• WHAT THIS TASK INVOLVES
Please copy the lines below exactly, from the first one through the line showing "红豆无痕打底轻暖秋衣秋裤抑菌儿童保暖内衣裤套装 儿童款".

[[ MATERIAL PROVIDED open ]]

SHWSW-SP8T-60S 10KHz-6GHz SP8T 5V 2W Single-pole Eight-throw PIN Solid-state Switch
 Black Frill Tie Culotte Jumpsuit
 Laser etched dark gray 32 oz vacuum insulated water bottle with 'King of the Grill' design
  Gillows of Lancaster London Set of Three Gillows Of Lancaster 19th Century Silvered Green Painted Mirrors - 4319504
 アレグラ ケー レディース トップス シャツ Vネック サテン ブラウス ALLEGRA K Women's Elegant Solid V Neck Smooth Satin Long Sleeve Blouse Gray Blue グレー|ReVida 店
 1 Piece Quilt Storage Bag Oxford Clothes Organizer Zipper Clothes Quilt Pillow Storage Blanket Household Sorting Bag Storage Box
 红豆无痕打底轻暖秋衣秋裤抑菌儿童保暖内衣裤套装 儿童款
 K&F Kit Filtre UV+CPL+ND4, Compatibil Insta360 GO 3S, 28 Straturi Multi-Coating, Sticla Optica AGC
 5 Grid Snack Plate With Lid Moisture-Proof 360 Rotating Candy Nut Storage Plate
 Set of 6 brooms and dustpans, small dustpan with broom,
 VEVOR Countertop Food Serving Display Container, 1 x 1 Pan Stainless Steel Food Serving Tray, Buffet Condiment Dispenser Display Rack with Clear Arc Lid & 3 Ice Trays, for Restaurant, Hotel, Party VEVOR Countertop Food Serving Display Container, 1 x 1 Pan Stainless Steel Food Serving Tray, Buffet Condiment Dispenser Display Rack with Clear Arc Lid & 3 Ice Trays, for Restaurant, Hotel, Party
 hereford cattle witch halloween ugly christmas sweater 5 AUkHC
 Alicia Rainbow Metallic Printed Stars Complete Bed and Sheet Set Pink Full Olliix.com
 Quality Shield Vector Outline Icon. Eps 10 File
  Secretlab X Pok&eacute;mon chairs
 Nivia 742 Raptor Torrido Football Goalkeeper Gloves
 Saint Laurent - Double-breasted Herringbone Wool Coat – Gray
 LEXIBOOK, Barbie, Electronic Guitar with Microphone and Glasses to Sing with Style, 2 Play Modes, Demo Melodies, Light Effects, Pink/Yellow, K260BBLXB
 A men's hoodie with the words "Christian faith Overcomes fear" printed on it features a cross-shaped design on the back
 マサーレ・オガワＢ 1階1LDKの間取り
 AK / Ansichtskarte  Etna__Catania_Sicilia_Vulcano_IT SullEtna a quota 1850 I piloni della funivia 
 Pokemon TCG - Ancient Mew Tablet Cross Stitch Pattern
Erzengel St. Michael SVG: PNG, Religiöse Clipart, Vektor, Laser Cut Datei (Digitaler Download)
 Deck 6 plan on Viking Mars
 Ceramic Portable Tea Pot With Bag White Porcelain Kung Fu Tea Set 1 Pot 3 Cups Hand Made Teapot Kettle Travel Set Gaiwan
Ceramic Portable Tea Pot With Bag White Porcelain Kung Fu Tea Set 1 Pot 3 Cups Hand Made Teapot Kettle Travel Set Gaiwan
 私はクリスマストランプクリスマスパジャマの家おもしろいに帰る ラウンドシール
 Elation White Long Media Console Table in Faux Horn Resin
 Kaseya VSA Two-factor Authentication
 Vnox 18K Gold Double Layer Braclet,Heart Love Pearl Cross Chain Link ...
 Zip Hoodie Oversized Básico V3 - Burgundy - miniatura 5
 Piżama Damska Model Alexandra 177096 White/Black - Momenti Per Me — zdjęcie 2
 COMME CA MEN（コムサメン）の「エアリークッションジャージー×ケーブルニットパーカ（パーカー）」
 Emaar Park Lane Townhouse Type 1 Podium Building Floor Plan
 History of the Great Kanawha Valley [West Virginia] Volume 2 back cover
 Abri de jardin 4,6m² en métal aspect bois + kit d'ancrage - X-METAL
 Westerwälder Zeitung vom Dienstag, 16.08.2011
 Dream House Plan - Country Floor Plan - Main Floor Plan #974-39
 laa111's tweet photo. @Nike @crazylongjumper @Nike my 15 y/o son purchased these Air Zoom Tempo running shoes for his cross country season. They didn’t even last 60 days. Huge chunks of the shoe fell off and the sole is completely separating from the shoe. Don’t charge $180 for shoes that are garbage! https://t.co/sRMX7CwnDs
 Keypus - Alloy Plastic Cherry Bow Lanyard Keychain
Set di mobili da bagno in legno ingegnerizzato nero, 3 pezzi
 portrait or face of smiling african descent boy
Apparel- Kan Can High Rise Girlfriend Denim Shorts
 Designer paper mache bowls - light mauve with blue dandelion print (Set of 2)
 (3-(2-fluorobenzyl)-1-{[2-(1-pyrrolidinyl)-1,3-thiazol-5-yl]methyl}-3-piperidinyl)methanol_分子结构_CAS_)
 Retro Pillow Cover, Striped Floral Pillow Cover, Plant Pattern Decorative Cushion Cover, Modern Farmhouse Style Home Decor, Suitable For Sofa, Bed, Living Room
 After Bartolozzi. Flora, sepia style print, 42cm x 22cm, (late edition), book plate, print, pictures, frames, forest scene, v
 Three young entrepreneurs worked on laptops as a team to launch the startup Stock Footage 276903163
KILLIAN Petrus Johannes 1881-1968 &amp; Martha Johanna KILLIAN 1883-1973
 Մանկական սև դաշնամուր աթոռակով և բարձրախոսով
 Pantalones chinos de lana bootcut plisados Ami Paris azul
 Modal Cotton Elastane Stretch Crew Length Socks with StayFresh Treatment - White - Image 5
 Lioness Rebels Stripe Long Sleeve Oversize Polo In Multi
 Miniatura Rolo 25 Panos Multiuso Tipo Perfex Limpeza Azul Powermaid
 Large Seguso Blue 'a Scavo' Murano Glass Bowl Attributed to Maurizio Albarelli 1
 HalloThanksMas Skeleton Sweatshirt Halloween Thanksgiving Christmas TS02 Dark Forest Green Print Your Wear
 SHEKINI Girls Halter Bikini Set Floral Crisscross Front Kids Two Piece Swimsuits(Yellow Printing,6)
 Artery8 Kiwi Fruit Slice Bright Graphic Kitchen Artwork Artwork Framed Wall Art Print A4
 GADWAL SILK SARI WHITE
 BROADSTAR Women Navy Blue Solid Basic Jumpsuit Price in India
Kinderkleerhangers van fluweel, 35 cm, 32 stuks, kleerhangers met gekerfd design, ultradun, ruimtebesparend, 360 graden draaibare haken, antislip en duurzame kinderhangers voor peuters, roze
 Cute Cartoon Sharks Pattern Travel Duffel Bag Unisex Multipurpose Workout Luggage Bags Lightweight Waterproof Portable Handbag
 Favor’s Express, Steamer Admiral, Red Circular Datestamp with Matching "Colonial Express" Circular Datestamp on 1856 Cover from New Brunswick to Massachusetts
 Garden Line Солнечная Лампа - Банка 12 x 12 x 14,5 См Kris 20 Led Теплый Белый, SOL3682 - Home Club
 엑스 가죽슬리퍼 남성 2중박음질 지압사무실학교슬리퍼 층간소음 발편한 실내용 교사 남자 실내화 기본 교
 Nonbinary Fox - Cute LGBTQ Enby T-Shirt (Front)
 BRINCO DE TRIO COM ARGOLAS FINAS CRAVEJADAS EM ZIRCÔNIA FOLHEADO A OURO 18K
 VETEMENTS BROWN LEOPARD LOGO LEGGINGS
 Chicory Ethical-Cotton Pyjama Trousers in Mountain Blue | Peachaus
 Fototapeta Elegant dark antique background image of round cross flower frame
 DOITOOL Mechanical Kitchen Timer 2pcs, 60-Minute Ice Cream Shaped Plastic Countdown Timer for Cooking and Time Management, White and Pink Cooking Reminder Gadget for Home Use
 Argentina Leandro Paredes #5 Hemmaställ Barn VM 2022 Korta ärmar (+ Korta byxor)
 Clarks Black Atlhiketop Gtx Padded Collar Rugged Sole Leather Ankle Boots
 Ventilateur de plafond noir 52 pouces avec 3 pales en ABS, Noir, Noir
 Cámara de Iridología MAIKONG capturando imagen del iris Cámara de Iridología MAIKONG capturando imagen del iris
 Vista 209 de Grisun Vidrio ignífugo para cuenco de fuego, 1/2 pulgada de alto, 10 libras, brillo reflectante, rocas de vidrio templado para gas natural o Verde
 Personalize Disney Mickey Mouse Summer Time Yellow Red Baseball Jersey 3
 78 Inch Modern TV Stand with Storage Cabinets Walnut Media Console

[[ MATERIAL PROVIDED closed ]]

• RESULT
SHWSW-SP8T-60S 10KHz-6GHz SP8T 5V 2W Single-pole Eight-throw PIN Solid-state Switch
 Black Frill Tie Culotte Jumpsuit
 Laser etched dark gray 32 oz vacuum insulated water bottle with 'King of the Grill' design
  Gillows of Lancaster London Set of Three Gillows Of Lancaster 19th Century Silvered Green Painted Mirrors - 4319504
 アレグラ ケー レディース トップス シャツ Vネック サテン ブラウス ALLEGRA K Women's Elegant Solid V Neck Smooth Satin Long Sleeve Blouse Gray Blue グレー|ReVida 店
 1 Piece Quilt Storage Bag Oxford Clothes Organizer Zipper Clothes Quilt Pillow Storage Blanket Household Sorting Bag Storage Box
 红豆无痕打底轻暖秋衣秋裤抑菌儿童保暖内衣裤套装 儿童款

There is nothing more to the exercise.